PROBLEM TO SOLVE: After locating the line that contains "A stone building" in the data below, set down exactly that line and each one after it through the line that contains "Women's black ribbed", and nothing more.

INFORMATION PROVIDED:
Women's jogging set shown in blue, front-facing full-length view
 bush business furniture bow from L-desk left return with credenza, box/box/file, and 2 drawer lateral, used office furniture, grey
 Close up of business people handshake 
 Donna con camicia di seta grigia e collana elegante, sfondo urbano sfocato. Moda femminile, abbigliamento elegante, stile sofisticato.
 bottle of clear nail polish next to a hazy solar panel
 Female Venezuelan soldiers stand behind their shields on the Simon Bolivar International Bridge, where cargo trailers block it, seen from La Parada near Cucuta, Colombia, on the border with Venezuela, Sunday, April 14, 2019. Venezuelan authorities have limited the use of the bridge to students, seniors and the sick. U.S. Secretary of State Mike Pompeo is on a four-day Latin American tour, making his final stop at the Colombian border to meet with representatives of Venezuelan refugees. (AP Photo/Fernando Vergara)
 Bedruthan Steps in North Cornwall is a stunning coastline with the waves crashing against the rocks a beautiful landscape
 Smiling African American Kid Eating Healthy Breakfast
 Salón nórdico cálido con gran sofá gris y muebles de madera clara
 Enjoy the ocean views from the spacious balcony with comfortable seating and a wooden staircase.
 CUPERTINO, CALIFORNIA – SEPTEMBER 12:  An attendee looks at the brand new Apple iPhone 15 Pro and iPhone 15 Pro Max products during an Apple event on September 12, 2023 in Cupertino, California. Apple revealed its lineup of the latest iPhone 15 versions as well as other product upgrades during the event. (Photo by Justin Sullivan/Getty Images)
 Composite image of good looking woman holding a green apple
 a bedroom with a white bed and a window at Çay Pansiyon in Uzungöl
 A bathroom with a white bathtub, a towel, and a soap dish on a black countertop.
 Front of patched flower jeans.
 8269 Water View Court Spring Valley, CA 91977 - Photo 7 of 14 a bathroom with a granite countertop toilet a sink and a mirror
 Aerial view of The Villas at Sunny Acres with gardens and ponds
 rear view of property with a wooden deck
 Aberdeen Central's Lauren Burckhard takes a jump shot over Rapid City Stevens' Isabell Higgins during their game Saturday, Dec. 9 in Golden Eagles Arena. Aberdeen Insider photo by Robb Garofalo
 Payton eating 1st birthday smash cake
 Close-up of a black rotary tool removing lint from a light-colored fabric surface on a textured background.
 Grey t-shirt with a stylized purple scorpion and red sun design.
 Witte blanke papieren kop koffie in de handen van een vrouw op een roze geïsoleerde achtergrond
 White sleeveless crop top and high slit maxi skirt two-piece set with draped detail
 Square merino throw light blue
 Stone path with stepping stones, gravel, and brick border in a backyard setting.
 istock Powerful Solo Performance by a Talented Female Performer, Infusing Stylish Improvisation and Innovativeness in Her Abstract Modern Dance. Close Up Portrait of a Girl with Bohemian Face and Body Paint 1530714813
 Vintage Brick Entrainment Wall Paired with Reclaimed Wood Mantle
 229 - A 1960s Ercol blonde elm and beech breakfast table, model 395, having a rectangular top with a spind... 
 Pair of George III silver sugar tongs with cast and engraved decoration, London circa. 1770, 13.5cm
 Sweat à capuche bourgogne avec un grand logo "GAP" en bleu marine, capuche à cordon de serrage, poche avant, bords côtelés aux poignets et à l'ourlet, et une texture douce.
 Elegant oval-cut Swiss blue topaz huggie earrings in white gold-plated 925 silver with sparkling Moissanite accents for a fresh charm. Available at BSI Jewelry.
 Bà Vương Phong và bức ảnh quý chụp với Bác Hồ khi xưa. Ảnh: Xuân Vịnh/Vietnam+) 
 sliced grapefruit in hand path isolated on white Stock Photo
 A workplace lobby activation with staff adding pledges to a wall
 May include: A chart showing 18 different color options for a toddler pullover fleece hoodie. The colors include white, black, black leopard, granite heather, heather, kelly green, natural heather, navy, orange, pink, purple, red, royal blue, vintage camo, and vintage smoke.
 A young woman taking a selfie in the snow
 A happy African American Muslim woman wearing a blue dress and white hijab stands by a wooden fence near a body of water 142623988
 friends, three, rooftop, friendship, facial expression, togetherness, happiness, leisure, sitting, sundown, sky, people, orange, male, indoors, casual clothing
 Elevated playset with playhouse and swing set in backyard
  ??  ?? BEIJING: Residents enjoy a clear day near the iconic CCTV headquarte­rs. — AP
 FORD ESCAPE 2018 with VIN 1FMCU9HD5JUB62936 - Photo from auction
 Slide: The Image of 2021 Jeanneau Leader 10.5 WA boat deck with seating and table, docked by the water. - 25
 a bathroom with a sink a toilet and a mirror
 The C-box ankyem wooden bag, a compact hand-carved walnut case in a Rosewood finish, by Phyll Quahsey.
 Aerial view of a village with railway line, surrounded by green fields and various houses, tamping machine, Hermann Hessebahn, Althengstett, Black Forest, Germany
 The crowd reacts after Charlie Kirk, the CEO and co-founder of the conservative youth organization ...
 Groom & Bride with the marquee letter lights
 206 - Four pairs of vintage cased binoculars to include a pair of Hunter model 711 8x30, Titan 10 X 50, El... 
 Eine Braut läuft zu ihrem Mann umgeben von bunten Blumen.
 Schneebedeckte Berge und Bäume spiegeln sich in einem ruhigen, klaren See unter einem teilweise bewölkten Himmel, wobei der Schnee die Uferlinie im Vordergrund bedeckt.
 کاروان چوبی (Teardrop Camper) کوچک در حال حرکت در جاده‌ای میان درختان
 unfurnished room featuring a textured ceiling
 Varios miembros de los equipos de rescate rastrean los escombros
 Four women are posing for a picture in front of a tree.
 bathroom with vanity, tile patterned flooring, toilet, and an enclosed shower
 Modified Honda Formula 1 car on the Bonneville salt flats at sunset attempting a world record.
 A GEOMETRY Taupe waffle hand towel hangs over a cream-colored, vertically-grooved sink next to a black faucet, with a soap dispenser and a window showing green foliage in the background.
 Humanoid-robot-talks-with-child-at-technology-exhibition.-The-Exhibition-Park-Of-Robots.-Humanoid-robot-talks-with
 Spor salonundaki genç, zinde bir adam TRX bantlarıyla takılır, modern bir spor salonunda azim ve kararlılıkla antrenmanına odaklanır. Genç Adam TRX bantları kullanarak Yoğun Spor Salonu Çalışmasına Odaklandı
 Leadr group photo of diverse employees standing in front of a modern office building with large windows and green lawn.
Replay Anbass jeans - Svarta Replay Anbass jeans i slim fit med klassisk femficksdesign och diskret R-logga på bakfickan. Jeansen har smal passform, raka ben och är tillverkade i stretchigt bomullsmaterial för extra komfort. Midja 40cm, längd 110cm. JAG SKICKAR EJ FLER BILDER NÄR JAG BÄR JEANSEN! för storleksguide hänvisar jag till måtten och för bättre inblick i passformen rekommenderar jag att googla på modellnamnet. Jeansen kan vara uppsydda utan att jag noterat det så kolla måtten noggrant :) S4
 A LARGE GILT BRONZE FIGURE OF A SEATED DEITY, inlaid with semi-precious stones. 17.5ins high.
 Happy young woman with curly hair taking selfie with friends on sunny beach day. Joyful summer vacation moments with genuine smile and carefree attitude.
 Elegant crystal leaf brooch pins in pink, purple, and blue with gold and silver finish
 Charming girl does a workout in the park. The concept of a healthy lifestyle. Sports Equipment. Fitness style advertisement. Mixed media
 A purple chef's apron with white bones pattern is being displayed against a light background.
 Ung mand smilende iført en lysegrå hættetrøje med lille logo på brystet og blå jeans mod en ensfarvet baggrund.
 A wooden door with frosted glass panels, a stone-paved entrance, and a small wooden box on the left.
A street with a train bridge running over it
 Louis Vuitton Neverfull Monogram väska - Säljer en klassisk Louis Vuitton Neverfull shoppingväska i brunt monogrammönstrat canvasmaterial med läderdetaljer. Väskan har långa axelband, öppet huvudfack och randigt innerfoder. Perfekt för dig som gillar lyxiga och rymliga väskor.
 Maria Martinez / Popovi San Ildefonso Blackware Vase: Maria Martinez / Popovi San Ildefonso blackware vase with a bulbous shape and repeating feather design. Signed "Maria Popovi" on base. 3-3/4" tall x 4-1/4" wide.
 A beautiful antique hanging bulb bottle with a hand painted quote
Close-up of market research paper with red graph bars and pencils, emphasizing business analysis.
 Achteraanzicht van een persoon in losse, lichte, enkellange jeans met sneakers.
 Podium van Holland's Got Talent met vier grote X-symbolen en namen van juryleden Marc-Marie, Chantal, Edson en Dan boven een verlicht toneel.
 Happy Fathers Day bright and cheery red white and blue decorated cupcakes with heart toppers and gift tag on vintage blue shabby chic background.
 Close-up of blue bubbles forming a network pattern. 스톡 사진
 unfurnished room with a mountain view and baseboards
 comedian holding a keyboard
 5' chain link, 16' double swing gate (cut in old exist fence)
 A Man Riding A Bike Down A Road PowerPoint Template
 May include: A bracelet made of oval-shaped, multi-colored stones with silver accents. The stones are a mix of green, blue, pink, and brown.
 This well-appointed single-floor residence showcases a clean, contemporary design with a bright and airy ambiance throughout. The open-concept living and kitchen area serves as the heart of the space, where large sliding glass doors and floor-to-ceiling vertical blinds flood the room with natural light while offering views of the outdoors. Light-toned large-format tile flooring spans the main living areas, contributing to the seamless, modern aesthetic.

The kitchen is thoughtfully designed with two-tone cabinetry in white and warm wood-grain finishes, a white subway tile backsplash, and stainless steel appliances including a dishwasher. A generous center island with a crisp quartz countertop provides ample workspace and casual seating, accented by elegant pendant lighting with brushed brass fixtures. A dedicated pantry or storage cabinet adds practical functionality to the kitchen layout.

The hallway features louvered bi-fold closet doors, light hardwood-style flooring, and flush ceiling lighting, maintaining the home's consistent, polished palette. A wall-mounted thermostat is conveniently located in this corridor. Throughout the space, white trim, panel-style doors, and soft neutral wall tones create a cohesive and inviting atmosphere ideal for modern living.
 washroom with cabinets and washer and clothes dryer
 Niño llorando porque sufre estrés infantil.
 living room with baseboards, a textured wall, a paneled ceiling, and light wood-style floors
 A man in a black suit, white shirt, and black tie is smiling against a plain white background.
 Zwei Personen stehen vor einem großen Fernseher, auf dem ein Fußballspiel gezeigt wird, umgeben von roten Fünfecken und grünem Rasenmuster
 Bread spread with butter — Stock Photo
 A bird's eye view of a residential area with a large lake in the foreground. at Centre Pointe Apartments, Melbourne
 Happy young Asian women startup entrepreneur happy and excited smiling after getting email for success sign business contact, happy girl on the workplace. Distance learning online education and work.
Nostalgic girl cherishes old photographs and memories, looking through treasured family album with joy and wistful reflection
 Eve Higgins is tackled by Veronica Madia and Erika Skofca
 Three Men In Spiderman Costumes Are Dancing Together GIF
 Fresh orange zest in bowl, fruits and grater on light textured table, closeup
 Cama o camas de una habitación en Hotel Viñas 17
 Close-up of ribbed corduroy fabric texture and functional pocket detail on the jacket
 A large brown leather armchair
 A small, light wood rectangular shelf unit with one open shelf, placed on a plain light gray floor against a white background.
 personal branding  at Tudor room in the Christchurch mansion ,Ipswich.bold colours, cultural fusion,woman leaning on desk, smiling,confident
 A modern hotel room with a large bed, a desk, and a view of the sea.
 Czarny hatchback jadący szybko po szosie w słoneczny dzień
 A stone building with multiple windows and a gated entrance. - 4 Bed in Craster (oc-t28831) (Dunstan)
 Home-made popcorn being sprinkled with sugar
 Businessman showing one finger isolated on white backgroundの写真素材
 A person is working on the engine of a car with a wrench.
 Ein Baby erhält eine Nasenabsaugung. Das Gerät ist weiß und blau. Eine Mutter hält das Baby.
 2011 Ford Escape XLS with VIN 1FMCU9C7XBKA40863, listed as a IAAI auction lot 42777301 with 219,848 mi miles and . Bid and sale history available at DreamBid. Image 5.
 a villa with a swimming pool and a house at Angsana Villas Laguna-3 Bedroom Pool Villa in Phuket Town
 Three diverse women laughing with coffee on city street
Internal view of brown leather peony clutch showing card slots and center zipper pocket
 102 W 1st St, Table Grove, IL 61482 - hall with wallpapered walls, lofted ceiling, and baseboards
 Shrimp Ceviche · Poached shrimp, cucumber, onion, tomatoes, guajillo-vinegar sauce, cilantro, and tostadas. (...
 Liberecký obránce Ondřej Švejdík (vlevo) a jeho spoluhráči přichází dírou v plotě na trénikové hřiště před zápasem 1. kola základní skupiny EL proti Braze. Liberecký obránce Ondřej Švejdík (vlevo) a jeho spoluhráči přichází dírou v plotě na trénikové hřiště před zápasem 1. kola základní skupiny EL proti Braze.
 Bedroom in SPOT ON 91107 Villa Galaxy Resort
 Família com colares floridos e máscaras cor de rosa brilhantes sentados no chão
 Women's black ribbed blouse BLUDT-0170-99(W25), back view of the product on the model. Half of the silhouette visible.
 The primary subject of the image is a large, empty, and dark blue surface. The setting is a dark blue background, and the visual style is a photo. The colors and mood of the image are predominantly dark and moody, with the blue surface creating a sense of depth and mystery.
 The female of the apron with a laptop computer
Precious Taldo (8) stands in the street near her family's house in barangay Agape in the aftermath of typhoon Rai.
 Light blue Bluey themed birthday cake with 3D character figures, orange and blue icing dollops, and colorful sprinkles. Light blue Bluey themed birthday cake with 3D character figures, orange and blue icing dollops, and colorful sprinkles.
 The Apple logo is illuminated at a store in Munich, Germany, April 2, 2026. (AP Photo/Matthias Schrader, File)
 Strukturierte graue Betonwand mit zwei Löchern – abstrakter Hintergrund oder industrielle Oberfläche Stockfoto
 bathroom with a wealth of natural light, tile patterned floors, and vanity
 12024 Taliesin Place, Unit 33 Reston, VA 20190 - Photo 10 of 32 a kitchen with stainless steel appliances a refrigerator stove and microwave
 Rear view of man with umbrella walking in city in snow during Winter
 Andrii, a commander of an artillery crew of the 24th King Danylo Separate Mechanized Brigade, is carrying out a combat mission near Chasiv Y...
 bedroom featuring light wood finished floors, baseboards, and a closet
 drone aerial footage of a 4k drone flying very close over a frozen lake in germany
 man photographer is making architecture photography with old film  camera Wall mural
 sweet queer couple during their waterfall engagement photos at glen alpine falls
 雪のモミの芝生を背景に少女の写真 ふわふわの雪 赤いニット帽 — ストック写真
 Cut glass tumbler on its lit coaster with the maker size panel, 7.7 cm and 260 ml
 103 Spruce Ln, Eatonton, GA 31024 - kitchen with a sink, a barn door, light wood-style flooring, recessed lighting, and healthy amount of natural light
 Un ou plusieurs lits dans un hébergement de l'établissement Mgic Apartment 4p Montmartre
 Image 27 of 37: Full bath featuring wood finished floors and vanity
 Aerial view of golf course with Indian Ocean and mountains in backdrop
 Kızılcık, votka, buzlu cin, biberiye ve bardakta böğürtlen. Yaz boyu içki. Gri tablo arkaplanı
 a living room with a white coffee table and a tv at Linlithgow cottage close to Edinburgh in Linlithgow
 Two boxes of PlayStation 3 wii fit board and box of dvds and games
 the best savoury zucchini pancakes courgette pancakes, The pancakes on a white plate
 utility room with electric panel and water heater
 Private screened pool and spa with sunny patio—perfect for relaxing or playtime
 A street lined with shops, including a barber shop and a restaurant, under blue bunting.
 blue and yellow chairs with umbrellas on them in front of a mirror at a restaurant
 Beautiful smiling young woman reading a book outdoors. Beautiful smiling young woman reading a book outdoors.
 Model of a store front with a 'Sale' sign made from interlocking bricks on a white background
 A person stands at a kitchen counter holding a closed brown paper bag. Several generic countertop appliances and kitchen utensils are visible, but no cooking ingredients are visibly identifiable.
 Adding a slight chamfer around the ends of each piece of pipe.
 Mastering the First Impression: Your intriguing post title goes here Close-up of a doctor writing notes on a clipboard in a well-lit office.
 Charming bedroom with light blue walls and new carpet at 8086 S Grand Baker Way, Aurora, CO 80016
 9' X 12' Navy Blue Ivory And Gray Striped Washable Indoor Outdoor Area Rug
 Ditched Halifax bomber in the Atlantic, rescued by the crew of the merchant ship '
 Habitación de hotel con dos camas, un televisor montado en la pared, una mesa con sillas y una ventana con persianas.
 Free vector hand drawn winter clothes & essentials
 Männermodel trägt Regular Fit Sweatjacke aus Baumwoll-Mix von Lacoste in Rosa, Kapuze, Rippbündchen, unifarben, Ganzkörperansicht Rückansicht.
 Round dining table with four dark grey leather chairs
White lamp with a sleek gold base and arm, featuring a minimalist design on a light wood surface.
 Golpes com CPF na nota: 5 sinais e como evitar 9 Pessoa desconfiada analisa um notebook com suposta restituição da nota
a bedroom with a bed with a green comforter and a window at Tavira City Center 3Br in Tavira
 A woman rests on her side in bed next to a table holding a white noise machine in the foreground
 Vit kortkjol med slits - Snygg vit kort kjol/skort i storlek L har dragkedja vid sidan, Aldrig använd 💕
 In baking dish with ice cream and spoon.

EXERCISE OUTPUT:
 A stone building with multiple windows and a gated entrance. - 4 Bed in Craster (oc-t28831) (Dunstan)
 Home-made popcorn being sprinkled with sugar
 Businessman showing one finger isolated on white backgroundの写真素材
 A person is working on the engine of a car with a wrench.
 Ein Baby erhält eine Nasenabsaugung. Das Gerät ist weiß und blau. Eine Mutter hält das Baby.
 2011 Ford Escape XLS with VIN 1FMCU9C7XBKA40863, listed as a IAAI auction lot 42777301 with 219,848 mi miles and . Bid and sale history available at DreamBid. Image 5.
 a villa with a swimming pool and a house at Angsana Villas Laguna-3 Bedroom Pool Villa in Phuket Town
 Three diverse women laughing with coffee on city street
Internal view of brown leather peony clutch showing card slots and center zipper pocket
 102 W 1st St, Table Grove, IL 61482 - hall with wallpapered walls, lofted ceiling, and baseboards
 Shrimp Ceviche · Poached shrimp, cucumber, onion, tomatoes, guajillo-vinegar sauce, cilantro, and tostadas. (...
 Liberecký obránce Ondřej Švejdík (vlevo) a jeho spoluhráči přichází dírou v plotě na trénikové hřiště před zápasem 1. kola základní skupiny EL proti Braze. Liberecký obránce Ondřej Švejdík (vlevo) a jeho spoluhráči přichází dírou v plotě na trénikové hřiště před zápasem 1. kola základní skupiny EL proti Braze.
 Bedroom in SPOT ON 91107 Villa Galaxy Resort
 Família com colares floridos e máscaras cor de rosa brilhantes sentados no chão
 Women's black ribbed blouse BLUDT-0170-99(W25), back view of the product on the model. Half of the silhouette visible.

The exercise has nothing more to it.